**Description of the task:**
What is needed is an exact copy of every entry.

**Collected data:**
----
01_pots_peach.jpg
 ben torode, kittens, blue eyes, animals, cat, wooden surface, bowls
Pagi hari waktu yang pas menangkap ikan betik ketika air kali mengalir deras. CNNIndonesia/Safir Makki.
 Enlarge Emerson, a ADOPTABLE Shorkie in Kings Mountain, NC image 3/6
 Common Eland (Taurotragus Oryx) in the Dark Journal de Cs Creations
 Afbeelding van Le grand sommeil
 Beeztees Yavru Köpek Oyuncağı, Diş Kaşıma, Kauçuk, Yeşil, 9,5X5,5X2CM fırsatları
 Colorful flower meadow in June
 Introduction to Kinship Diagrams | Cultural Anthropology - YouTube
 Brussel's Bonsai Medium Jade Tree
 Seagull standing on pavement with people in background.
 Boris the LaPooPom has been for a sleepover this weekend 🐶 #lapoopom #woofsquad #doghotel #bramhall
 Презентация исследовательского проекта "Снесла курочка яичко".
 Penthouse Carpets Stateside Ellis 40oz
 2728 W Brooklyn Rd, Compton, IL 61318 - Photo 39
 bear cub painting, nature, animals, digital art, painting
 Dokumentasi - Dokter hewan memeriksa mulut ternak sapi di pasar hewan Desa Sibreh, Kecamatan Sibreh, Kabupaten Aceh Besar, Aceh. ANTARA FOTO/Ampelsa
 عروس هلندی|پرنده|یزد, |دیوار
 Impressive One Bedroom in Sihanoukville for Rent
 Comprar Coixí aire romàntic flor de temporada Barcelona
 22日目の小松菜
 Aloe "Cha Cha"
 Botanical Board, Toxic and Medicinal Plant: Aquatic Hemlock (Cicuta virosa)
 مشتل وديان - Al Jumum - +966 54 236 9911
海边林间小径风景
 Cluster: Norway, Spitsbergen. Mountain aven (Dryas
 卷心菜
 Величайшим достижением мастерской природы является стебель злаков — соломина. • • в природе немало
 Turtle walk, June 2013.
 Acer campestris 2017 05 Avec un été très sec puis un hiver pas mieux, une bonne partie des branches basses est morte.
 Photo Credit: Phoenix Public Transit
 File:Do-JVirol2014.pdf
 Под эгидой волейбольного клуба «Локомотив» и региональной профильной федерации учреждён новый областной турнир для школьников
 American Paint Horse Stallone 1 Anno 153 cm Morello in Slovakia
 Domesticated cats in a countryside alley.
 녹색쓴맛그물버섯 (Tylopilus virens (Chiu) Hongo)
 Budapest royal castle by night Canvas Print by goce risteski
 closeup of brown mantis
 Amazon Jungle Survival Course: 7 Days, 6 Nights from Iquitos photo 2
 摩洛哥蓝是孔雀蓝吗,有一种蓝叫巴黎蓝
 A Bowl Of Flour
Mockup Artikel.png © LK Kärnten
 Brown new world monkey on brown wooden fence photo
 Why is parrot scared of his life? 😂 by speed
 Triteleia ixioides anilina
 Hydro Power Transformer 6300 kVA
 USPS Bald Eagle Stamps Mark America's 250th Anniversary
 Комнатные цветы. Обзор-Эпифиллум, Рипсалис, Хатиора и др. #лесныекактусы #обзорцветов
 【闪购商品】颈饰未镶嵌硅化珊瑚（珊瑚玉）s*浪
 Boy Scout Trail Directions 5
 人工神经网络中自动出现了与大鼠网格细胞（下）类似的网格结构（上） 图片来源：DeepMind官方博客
----
**Task output:**
01_pots_peach.jpg
 ben torode, kittens, blue eyes, animals, cat, wooden surface, bowls
Pagi hari waktu yang pas menangkap ikan betik ketika air kali mengalir deras. CNNIndonesia/Safir Makki.
 Enlarge Emerson, a ADOPTABLE Shorkie in Kings Mountain, NC image 3/6
 Common Eland (Taurotragus Oryx) in the Dark Journal de Cs Creations
 Afbeelding van Le grand sommeil
 Beeztees Yavru Köpek Oyuncağı, Diş Kaşıma, Kauçuk, Yeşil, 9,5X5,5X2CM fırsatları
 Colorful flower meadow in June
 Introduction to Kinship Diagrams | Cultural Anthropology - YouTube
 Brussel's Bonsai Medium Jade Tree
 Seagull standing on pavement with people in background.
 Boris the LaPooPom has been for a sleepover this weekend 🐶 #lapoopom #woofsquad #doghotel #bramhall
 Презентация исследовательского проекта "Снесла курочка яичко".
 Penthouse Carpets Stateside Ellis 40oz
 2728 W Brooklyn Rd, Compton, IL 61318 - Photo 39
 bear cub painting, nature, animals, digital art, painting
 Dokumentasi - Dokter hewan memeriksa mulut ternak sapi di pasar hewan Desa Sibreh, Kecamatan Sibreh, Kabupaten Aceh Besar, Aceh. ANTARA FOTO/Ampelsa
 عروس هلندی|پرنده|یزد, |دیوار
 Impressive One Bedroom in Sihanoukville for Rent
 Comprar Coixí aire romàntic flor de temporada Barcelona
 22日目の小松菜
 Aloe "Cha Cha"
 Botanical Board, Toxic and Medicinal Plant: Aquatic Hemlock (Cicuta virosa)
 مشتل وديان - Al Jumum - +966 54 236 9911
海边林间小径风景
 Cluster: Norway, Spitsbergen. Mountain aven (Dryas
 卷心菜
 Величайшим достижением мастерской природы является стебель злаков — соломина. • • в природе немало
 Turtle walk, June 2013.
 Acer campestris 2017 05 Avec un été très sec puis un hiver pas mieux, une bonne partie des branches basses est morte.
 Photo Credit: Phoenix Public Transit
 File:Do-JVirol2014.pdf
 Под эгидой волейбольного клуба «Локомотив» и региональной профильной федерации учреждён новый областной турнир для школьников
 American Paint Horse Stallone 1 Anno 153 cm Morello in Slovakia
 Domesticated cats in a countryside alley.
 녹색쓴맛그물버섯 (Tylopilus virens (Chiu) Hongo)
 Budapest royal castle by night Canvas Print by goce risteski
 closeup of brown mantis
 Amazon Jungle Survival Course: 7 Days, 6 Nights from Iquitos photo 2
 摩洛哥蓝是孔雀蓝吗,有一种蓝叫巴黎蓝
 A Bowl Of Flour
Mockup Artikel.png © LK Kärnten
 Brown new world monkey on brown wooden fence photo
 Why is parrot scared of his life? 😂 by speed
 Triteleia ixioides anilina
 Hydro Power Transformer 6300 kVA
 USPS Bald Eagle Stamps Mark America's 250th Anniversary
 Комнатные цветы. Обзор-Эпифиллум, Рипсалис, Хатиора и др. #лесныекактусы #обзорцветов
 【闪购商品】颈饰未镶嵌硅化珊瑚（珊瑚玉）s*浪
 Boy Scout Trail Directions 5
 人工神经网络中自动出现了与大鼠网格细胞（下）类似的网格结构（上） 图片来源：DeepMind官方博客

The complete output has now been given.